(Activity)
Once you reach the line that holds "Live-Cam-Show mit aprilwatsonn" in the listing below, output it and every line after it through the line that holds "Kuttu Gadwal Pure Silk Handloom Saree", word for word.

(Data to examine)
==*==

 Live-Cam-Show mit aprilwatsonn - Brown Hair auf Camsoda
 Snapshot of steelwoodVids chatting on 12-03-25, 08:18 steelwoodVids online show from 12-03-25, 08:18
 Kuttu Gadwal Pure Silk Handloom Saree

==*==

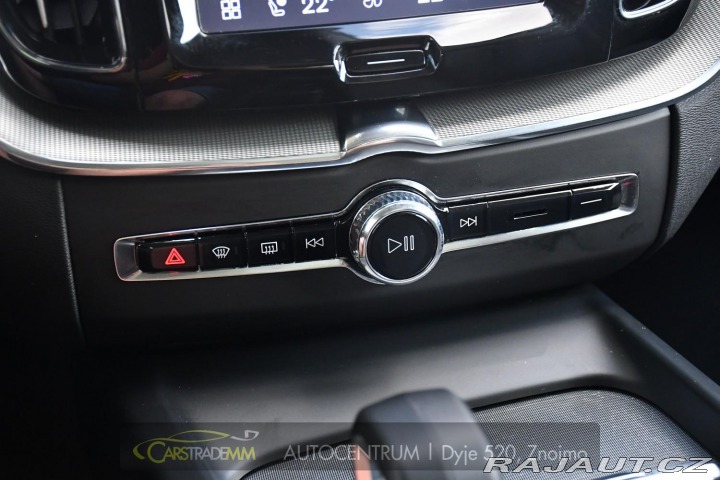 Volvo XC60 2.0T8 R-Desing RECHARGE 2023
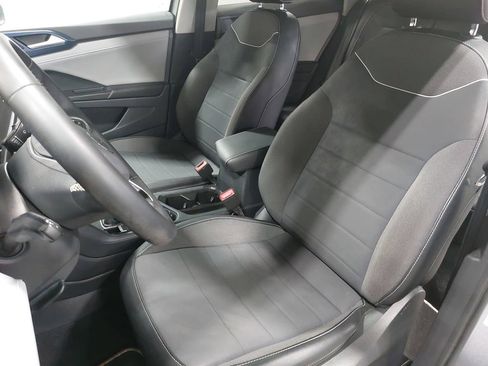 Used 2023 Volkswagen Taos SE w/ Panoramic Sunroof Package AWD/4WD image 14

==*==

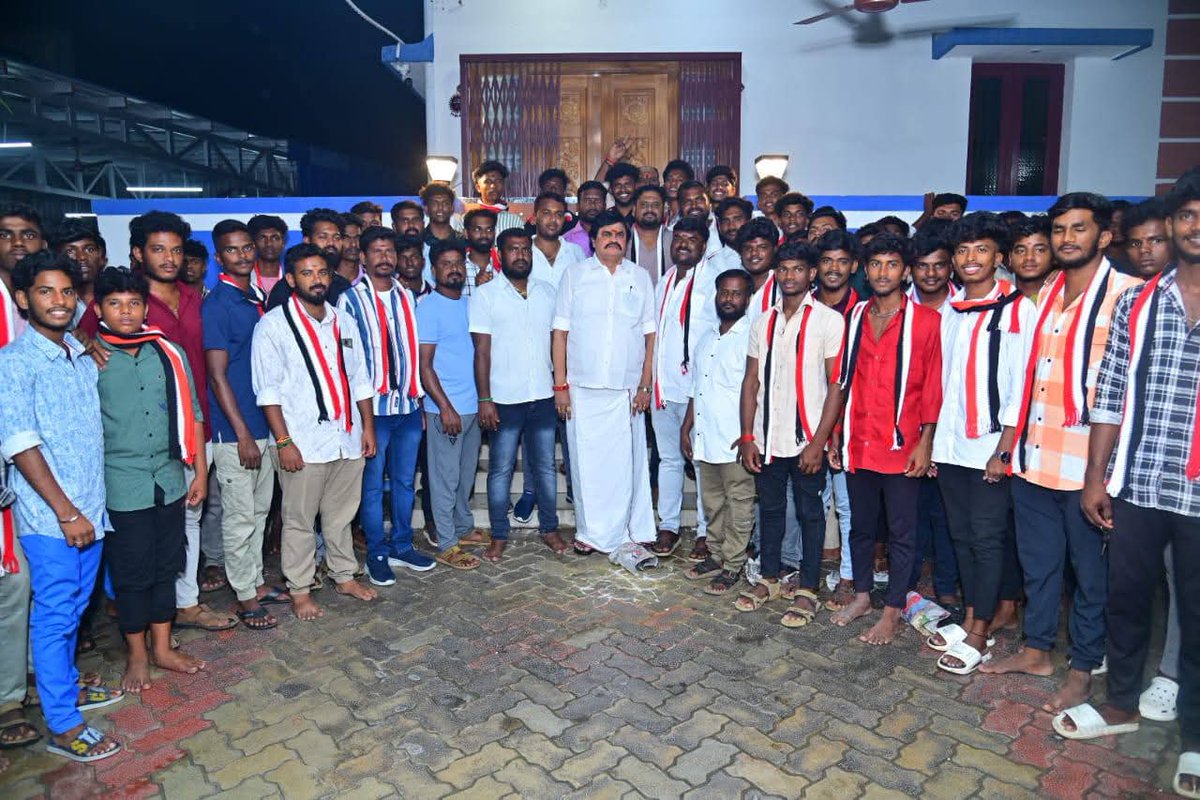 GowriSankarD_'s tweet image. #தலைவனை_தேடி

==*==

(Written solution)
 Live-Cam-Show mit aprilwatsonn - Brown Hair auf Camsoda
 Snapshot of steelwoodVids chatting on 12-03-25, 08:18 steelwoodVids online show from 12-03-25, 08:18
 Kuttu Gadwal Pure Silk Handloom Saree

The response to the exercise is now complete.